Start of DATA EXTRACT
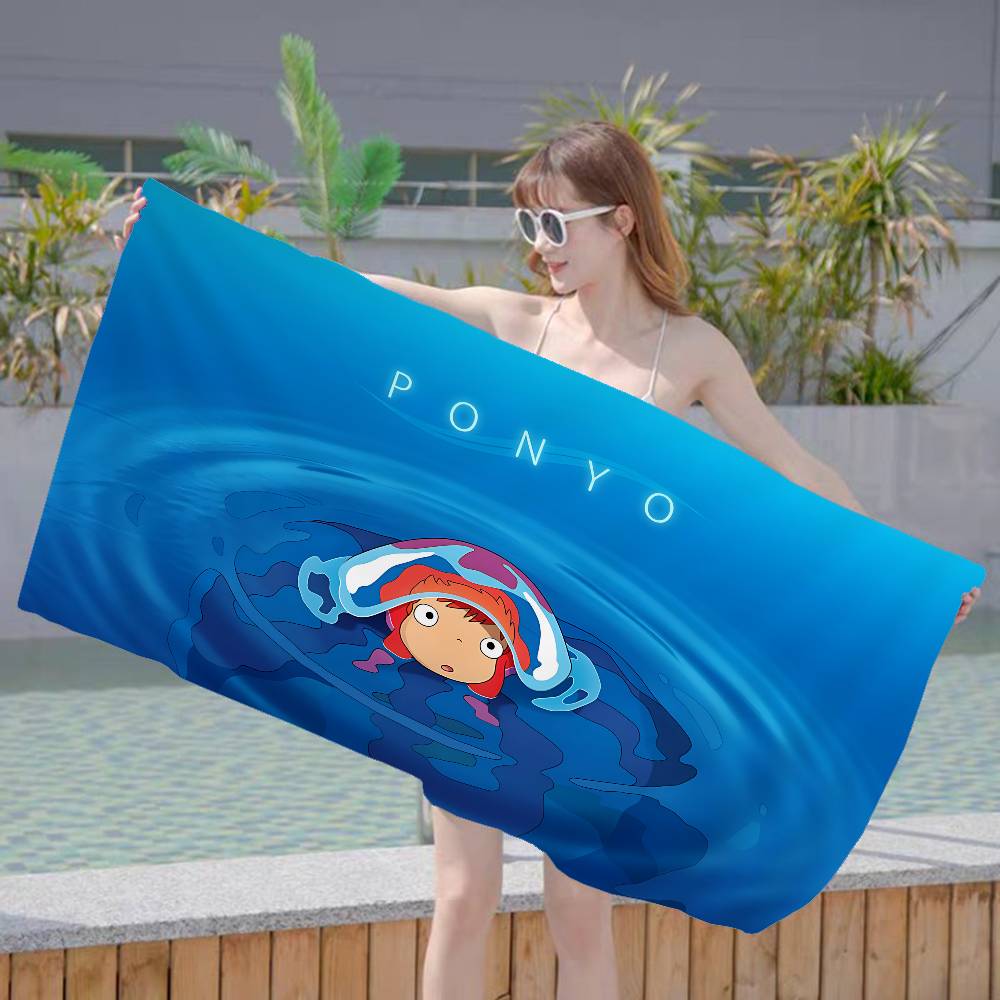 Japanese Cute P-Ponyo Movie on The Cliff Microfiber Blanket Quick Drying Beach Oversized Super Absorbent Pool Towel Blanket
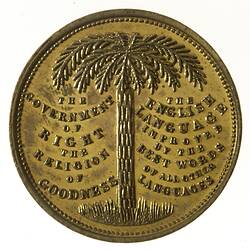 Medal - Federation of the World, the Government of Right, Cole's Book Arcade, Victoria, Australia, circa 1885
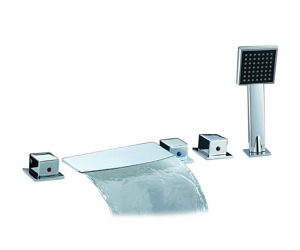 Waterfall Roman Tub Faucet with Hand Held Shower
End of DATA EXTRACT
PROMPT = Transcribe all the lines above exactly, apart from the pictures.

THE COMPLETED TASK =
 Japanese Cute P-Ponyo Movie on The Cliff Microfiber Blanket Quick Drying Beach Oversized Super Absorbent Pool Towel Blanket
 Medal - Federation of the World, the Government of Right, Cole's Book Arcade, Victoria, Australia, circa 1885
 Waterfall Roman Tub Faucet with Hand Held Shower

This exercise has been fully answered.